[Exercise data Boundary: Start]
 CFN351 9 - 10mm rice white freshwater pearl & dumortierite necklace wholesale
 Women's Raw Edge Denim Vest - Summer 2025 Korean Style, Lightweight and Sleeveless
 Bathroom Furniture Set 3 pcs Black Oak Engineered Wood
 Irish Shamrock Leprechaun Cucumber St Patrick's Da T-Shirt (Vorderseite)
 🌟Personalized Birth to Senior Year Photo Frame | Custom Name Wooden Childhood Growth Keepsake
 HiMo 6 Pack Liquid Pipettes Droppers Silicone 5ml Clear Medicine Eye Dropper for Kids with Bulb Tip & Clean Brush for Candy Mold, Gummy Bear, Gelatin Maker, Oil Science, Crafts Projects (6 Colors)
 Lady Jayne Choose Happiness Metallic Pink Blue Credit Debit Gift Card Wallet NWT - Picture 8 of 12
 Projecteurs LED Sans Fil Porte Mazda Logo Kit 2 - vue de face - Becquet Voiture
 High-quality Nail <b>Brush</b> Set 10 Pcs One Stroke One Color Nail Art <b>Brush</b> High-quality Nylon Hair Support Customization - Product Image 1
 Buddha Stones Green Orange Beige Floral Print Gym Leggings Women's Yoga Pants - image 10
[Exercise data Boundary: End]
[Exercise data Boundary: Start]
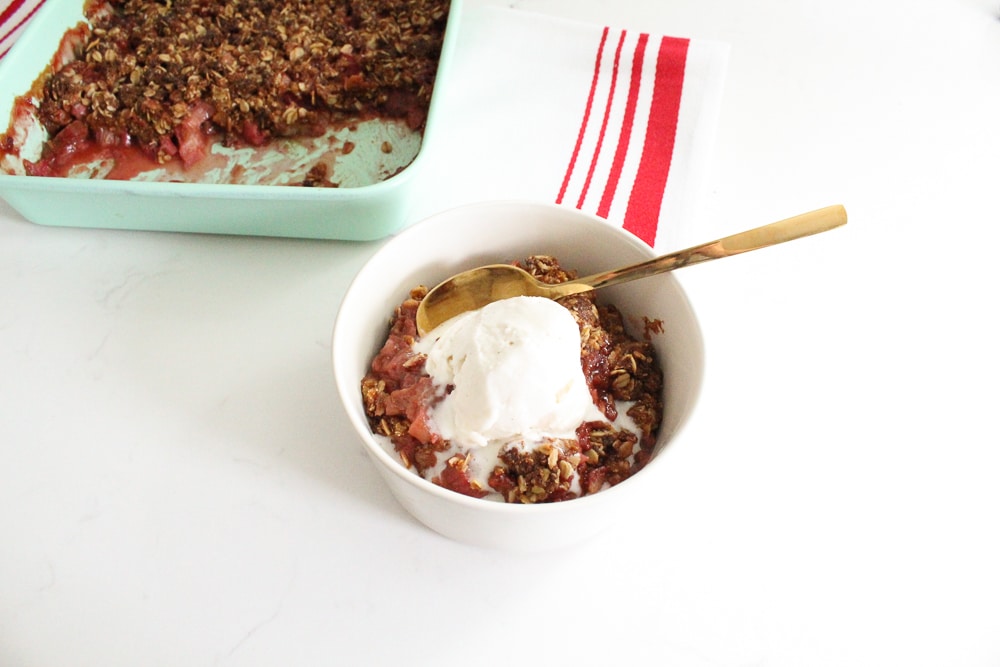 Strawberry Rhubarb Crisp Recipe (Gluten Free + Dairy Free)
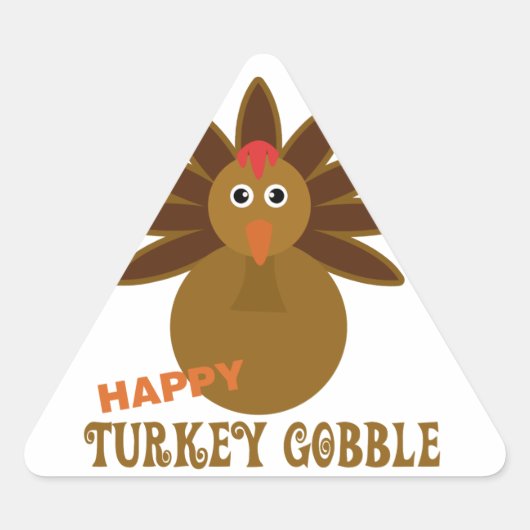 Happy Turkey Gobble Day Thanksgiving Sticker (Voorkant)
[Exercise data Boundary: End]
**Directions for this task**.
All lines above from the one with "HiMo 6 Pack" to the one with "Buddha Stones Green", inclusive, should be copied exactly, and no other lines.

**Exercise result**.
 HiMo 6 Pack Liquid Pipettes Droppers Silicone 5ml Clear Medicine Eye Dropper for Kids with Bulb Tip & Clean Brush for Candy Mold, Gummy Bear, Gelatin Maker, Oil Science, Crafts Projects (6 Colors)
 Lady Jayne Choose Happiness Metallic Pink Blue Credit Debit Gift Card Wallet NWT - Picture 8 of 12
 Projecteurs LED Sans Fil Porte Mazda Logo Kit 2 - vue de face - Becquet Voiture
 High-quality Nail <b>Brush</b> Set 10 Pcs One Stroke One Color Nail Art <b>Brush</b> High-quality Nylon Hair Support Customization - Product Image 1
 Buddha Stones Green Orange Beige Floral Print Gym Leggings Women's Yoga Pants - image 10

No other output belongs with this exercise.